Polymath author and lecturer in psychiatry Siri Hustvedt offers a new collection of essays in which she considers a range of subjects, from her relationship with her mother to the origins of misogyny to the art of Louise Bourgeois.
Hustvedt brings a surprisingly scientific approach to her artistic and literary subjects ... Here is Hustvedt’s unique contribution and genius: By bringing a placenta into a fight about misogyny, she fortifies her argument with physical evidence ... Other pieces in the collection don’t fall short, exactly; it’s more that they fall out of place ... When Hustvedt returns to the idea of what’s missing, her writing takes off ... 'A Walk With My Mother' could easily be an entire book, one I would eagerly devour.

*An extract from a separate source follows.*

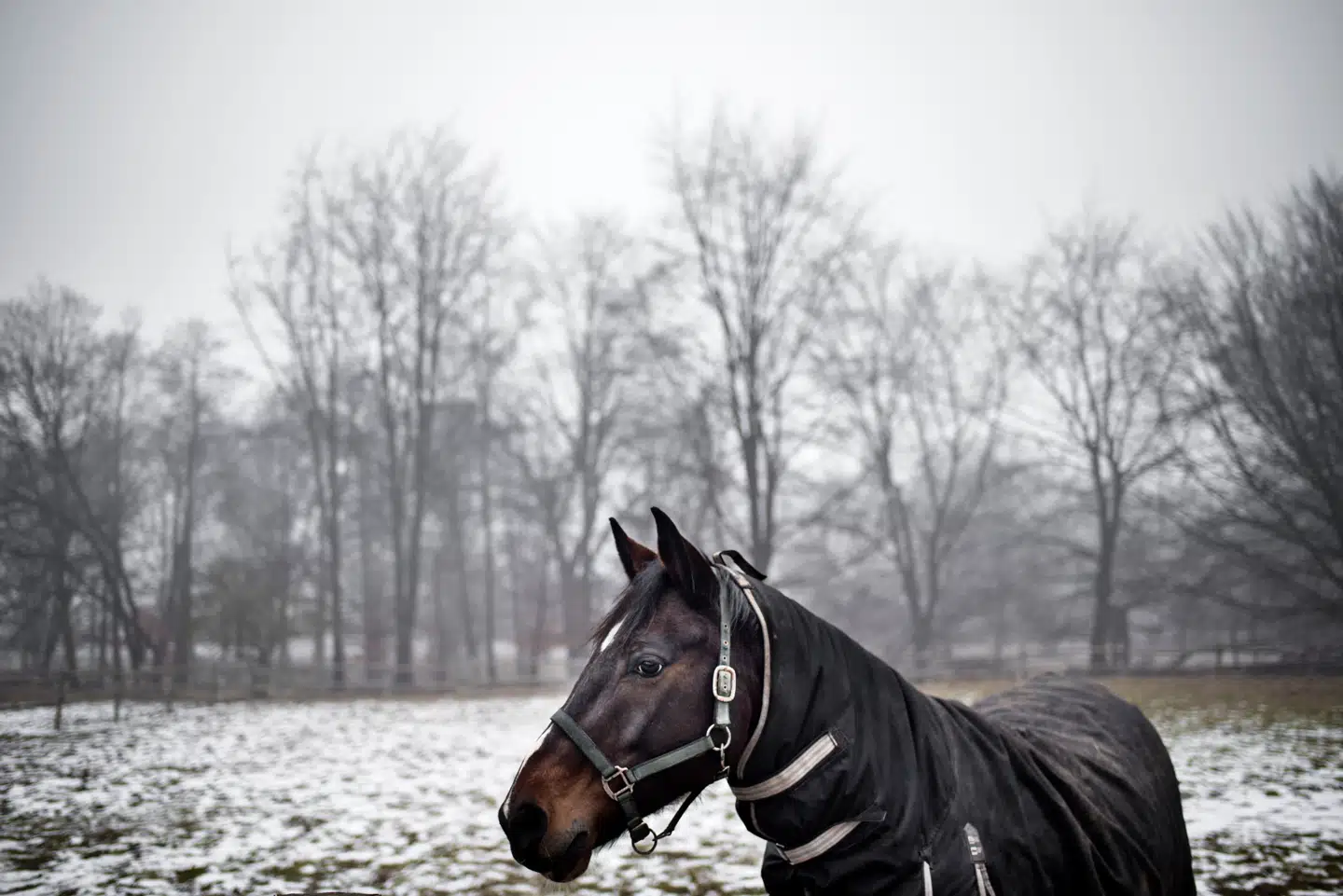 For at være momspligtig ved salg af en byggegrund, skal man have drevet erhvervsmæssig aktivitet på det. Og der er ingen bagatelgrænse, viser en afgørelse fra Skatterå-det, hvor grunden havde været brugt til hestehold og lidt bed and breakfast.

... engrossing ... Hustvedt has combined the lively and tactile with more wide angled philosophical questions about perception and reality. Mothers, Fathers, and Others sifts a wide range of memory, experience and disciplinary perspectives into essays that bring into focus the profound contradictions of motherhood ... The most memorable entries in this collection are Hustvedt's reminiscences of mothers in her extended family ... Mothers, Fathers, and Others makes a fascinating companion to Motherhood: A Manifesto ... The two books brilliantly capture the joy and pain of motherhood: elation and depression, wonder and weariness, love and hate for the offspring.

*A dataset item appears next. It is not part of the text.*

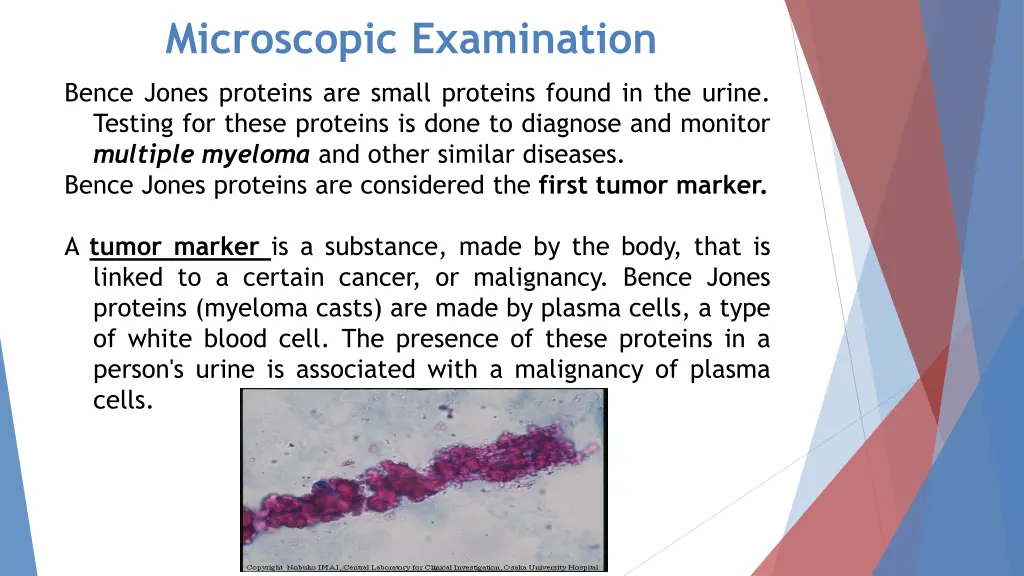 microscopic examination 6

... she engages readers in heady discussions while simultaneously telling entertaining tales about her Minnesota childhood ... readers can anticipate scintillating discussions of subjects such as psychoanalytic theories, Plato, Bourdieu, Jane Austen and the Brontes. Hustvedt's enthusiasm for her subjects and the ease with which she discusses them make it a delight to plunge into the deep end of a subject previously unknown to the reader ... Hustvedt is brilliant at exploring how our various reactions to disrupting boundaries plays out in notions of the monstrous, the chimerical, and their perceived threat ... On rare occasions, Hustvedt reveals her own blind spots when it comes to perception. In several essays, she does a tremendous reading of language, translation and conscious thought. The languages, for the most part, were transmitted orally or in written text. I found myself wondering how some of her conclusions might have shifted with the incorporation of languages like ASL, that rely on a variety of body clues to convey meaning. I imagine it would make a fascinating topic at Hustvedt's next fascinating salon.